Work item:
Transcribe the whole listing below. Pictures do not go in the copy.

Supplied material:
------------------------
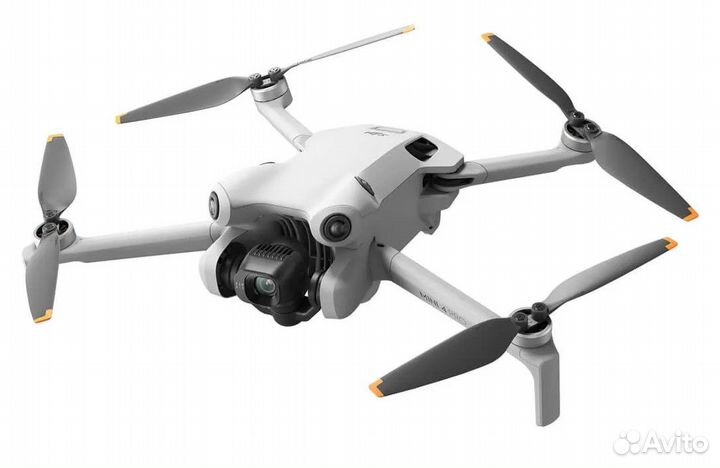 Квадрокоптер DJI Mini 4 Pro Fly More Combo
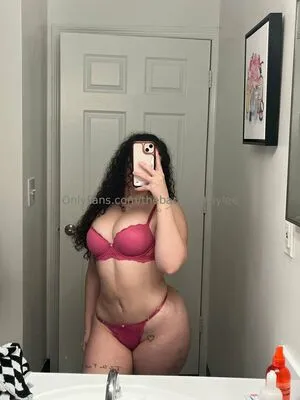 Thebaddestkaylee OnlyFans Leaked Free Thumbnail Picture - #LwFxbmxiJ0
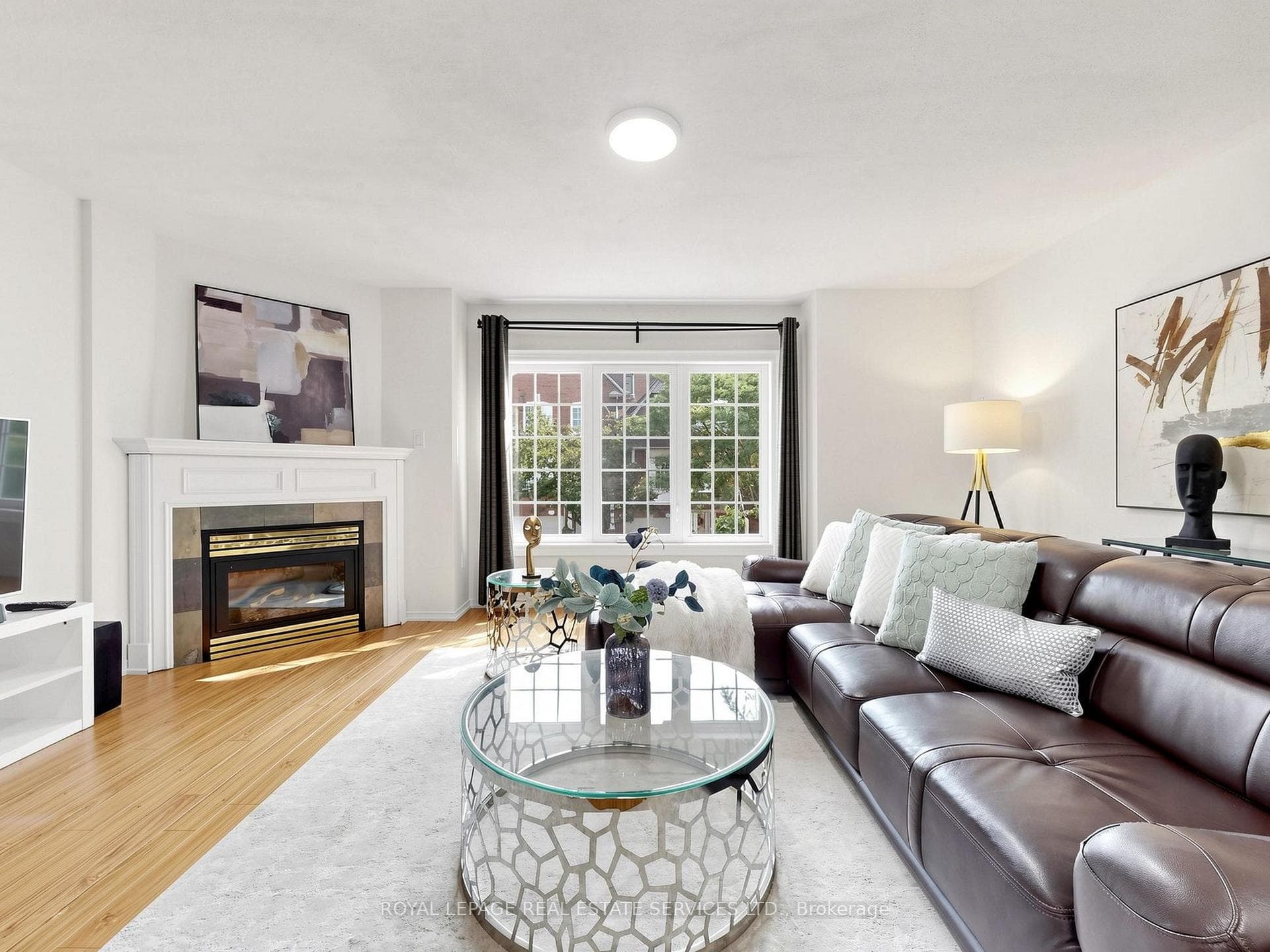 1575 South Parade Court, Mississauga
------------------------
Written solution:
 Квадрокоптер DJI Mini 4 Pro Fly More Combo
 Thebaddestkaylee OnlyFans Leaked Free Thumbnail Picture - #LwFxbmxiJ0
 1575 South Parade Court, Mississauga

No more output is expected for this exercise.